Сейчас, когда пришло время размышлять о смерти, думал Бруно, меня заботят обязательства, с нею связанные. Это не альтруизм. Это скорее жалкая неспособность даже теперь отрешиться от чувства собственности. Слишком все запутано. Сегодня у него особенно неладно с головой. А все из-за таблеток, хотя они и снимают боль. Или дело в бромистом снотворном, которым он постепенно отравляется. Временами сознание Бруно помрачалось — какое-то странное ощущение, нечто совсем иное, чем эйфория, вызываемая шампанским, — он слышал, что разговаривает вслух, однако не понимал о чем. Начиная с двадцати пяти лет, у человека ежедневно разрушается миллион мозговых клеток, сообщил ему однажды Денби, прочитав об этом в воскресной газете. Может ли при такой скорости разрушения остаться хоть сколько-нибудь мозговых клеток у человека, которому далеко за восемьдесят, недоумевал Бруно. Бывали дни, когда у него совершенно ясно работала голова. А в последнее время и боли утихли. У науки поразительные возможности. Нужно разузнать, как оформить дарственную, и завещать кому-нибудь коллекцию марок, дабы она не досталась налоговому ведомству. За коллекцию можно выручить двадцать тысяч фунтов. Двадцать тысяч фунтов, не облагаемых налогом, никому не помешают. Отец перед смертью очень неохотно отдал ему эту коллекцию. В ореховой скорлупке памяти сохранилась отчетливая картинка — тонкая бледная рука двигает к нему по столу красного дерева шкатулку. Умирающий отец с горечью произносит: «Ты продашь ее, Бруно, ты растяпа, и тебя чудовищно надуют». Но Бруно не продал коллекцию, он даже немножко ее пополнил, он даже немножко ее любил, хотя никогда в отличие от отца не увлекался филателией всерьез. Бруно сберегал коллекцию про черный день, но жизнь подходила к концу, а черный день так и не наступил. Он мог совершить кругосветное путешествие. Покупать великие произведения искусства и наслаждаться ими. Есть каждый день икру и устрицы или передать коллекцию в комитет помощи голодающим. Нужно разузнать насчет дарственной, как это все делается, только не хочется спрашивать Денби: Денби очень добр, однако он слишком земной. Наверное, Денби волнует вопрос, кто получит марки. Бруно это тоже волнует. Зять Денби или сын Майлз? Но уже много лет прошло с тех пор, как Бруно в последний раз видел Майлза. Майлз давно отрекся от него.

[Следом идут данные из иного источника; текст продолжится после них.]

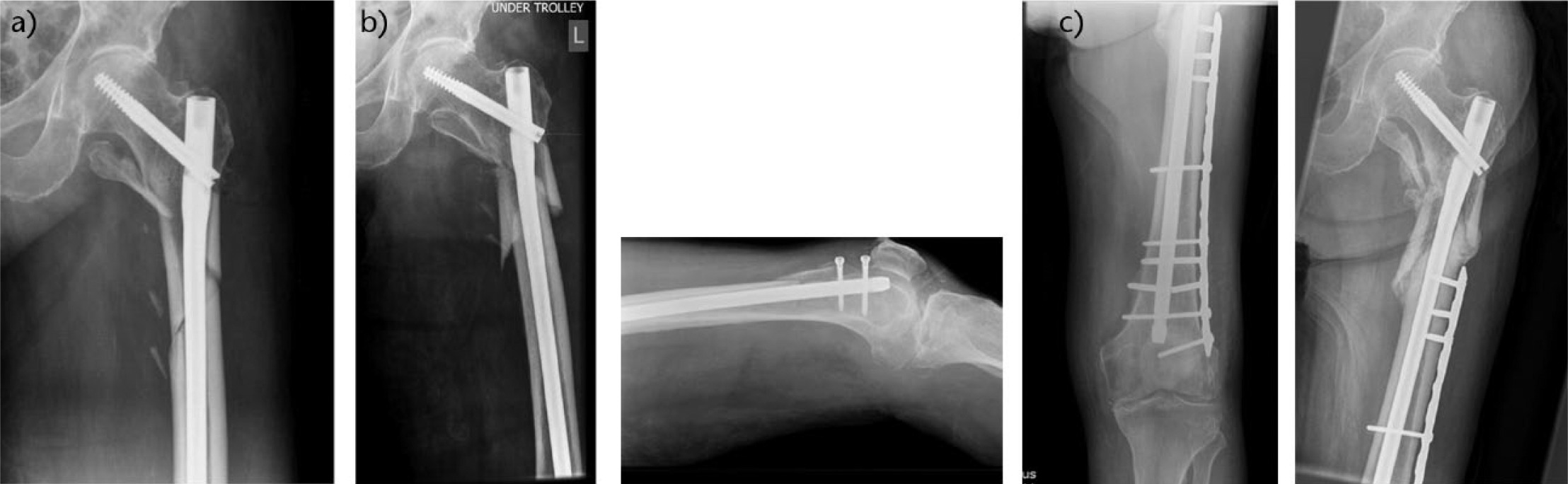 Fig. 1 
            Radiographs showing a) post-operative extended subtorchanteric fracture with acceptable reduction; b) second fall and periprosthetic fracture and c) composite revision to nail:plate construct with the nail interlocked through the plate. Despite subsequent falls, the patient heals his fracture prior to metalwork failure. Seen here united at 6 months.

Конечно, все они постоянно причиняют ему боль, и с этим ничего не поделаешь. Бруно чувствует их неискренность, ему ясно, что их мысли устремлены мимо него в то невообразимое будущее, когда его не станет. Они видят в нем чудище. Давным-давно кто-то назвал Бруно «очаровательным стариком». Каков же он теперь? В собственном представлении он вообще не был стариком. Вот руки у него состарились. Однажды он с недоумением обнаружил это, проводя пятнистыми, высохшими, искривленными руками по одеялу. В зеркало Бруно уже не смотрел, но порой ощущал, будто у него прежнее молодое лицо, точно маска. Бруно догадывался, каков он на самом деле, по тому, как Аделаида и Денби отводят взгляд, по тем едва уловимым признакам отвращения, которых им не удается скрыть. Отталкивал их и запах, конечно, и весь его внешний вид. Бруно знал, что он стал чудищем со звериной головой, точнее, с головой быка — пленным Минотавром. Он похож на одного из своих раздутых, точно жабы, пауков вида xisticus или oxyptila. Огромная голова словно приросла к узкому, продолговатому телу, ныне он лишь хлипкое подобие человека, нечто бессильное, тщедушное, вытянутое, дурно пахнущее. Теперь он обитает в этаком коконе, как atypus, он сам сделался коконом. Soma sema[1]. Его тело, словно склеп, нелепый, ничем не украшенный склеп. Другой представлялась Бруно смерть три года назад, когда у него еще были седые волосы. У настоящей смерти нет ничего общего с ангелами и обелисками. Неудивительно, что все отводят от него глаза.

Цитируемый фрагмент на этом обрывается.